TASK STATEMENT. Restate the listing below line for line and word for word, without the pictures.

START DATA BELOW

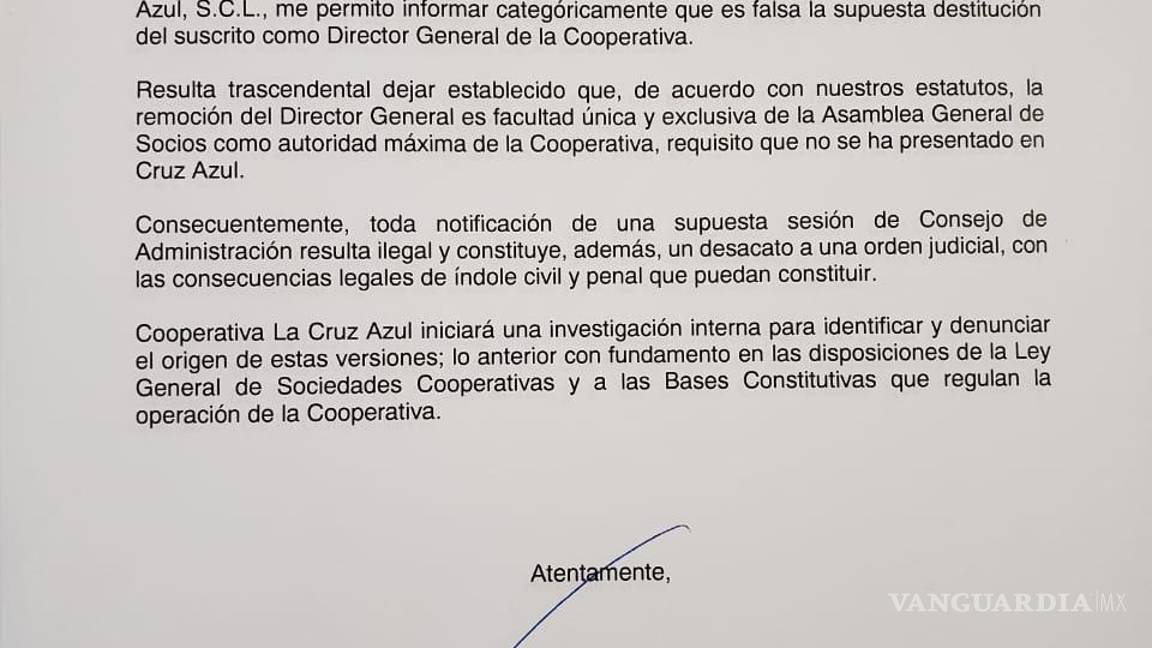 $!Niega Guillermo Álvarez destitución en el cargo de director de Cooperativa Cruz Azul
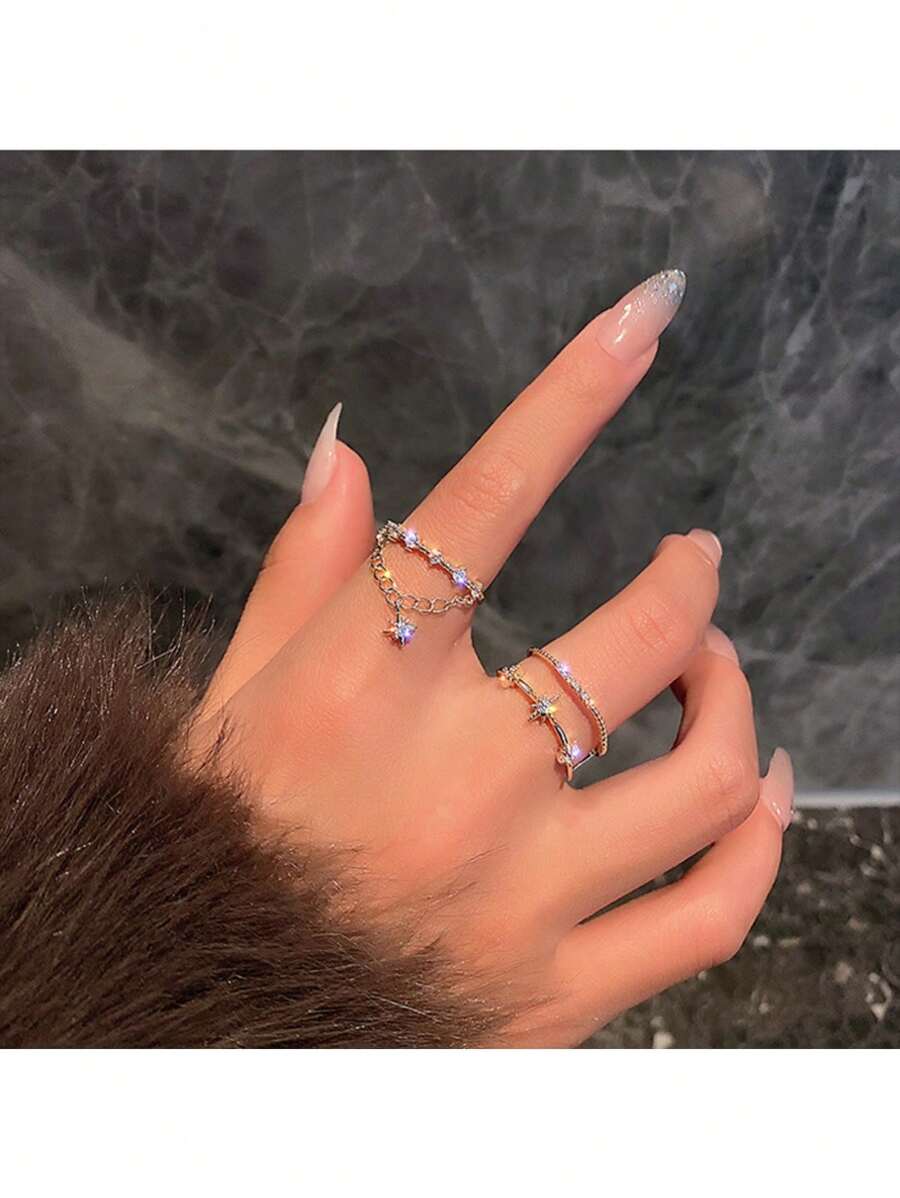 1pc New Fashion European & American Style Geometric Chain Ring Six-Pointed Star Design Adjustable Open Ring - Silver - View 1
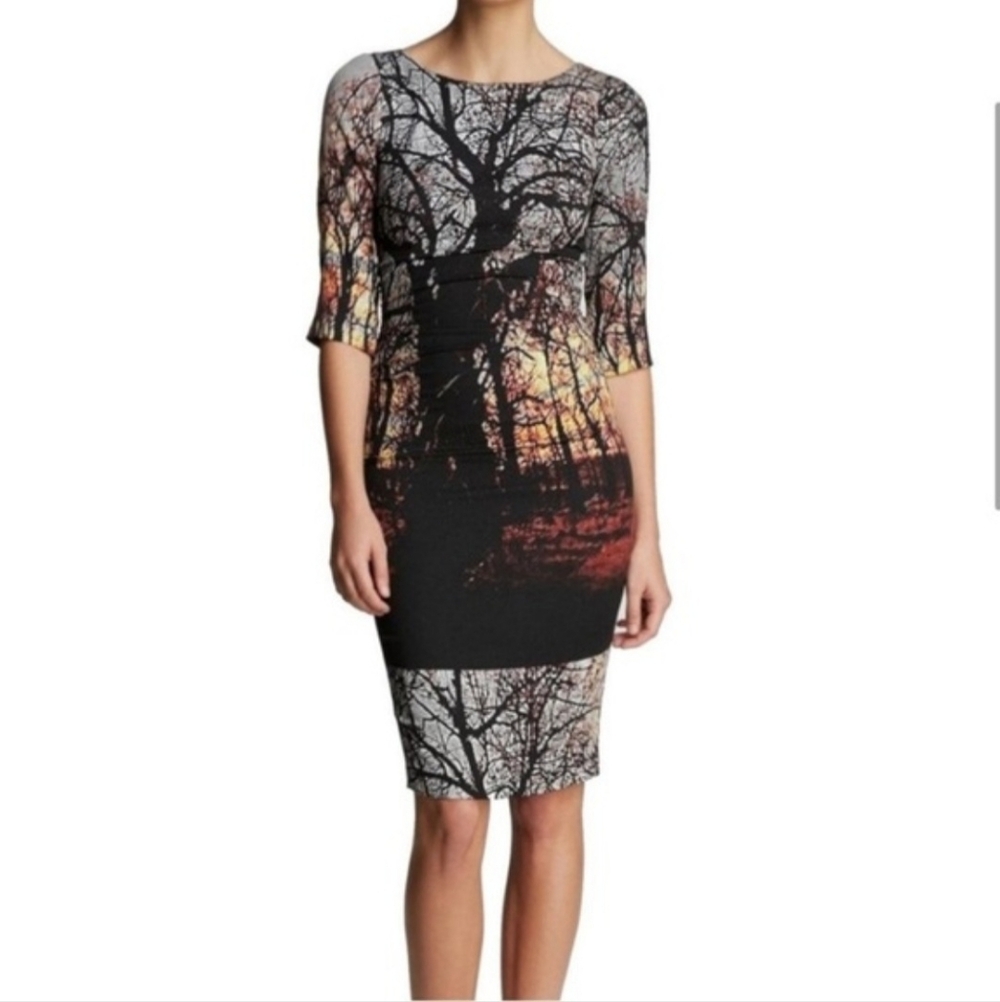 Tracy Reese Winter Landscape Print Silk Ruched Sheath Dress 6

END DATA BELOW

WRITTEN RESPONSE.
 $!Niega Guillermo Álvarez destitución en el cargo de director de Cooperativa Cruz Azul
 1pc New Fashion European & American Style Geometric Chain Ring Six-Pointed Star Design Adjustable Open Ring - Silver - View 1
 Tracy Reese Winter Landscape Print Silk Ruched Sheath Dress 6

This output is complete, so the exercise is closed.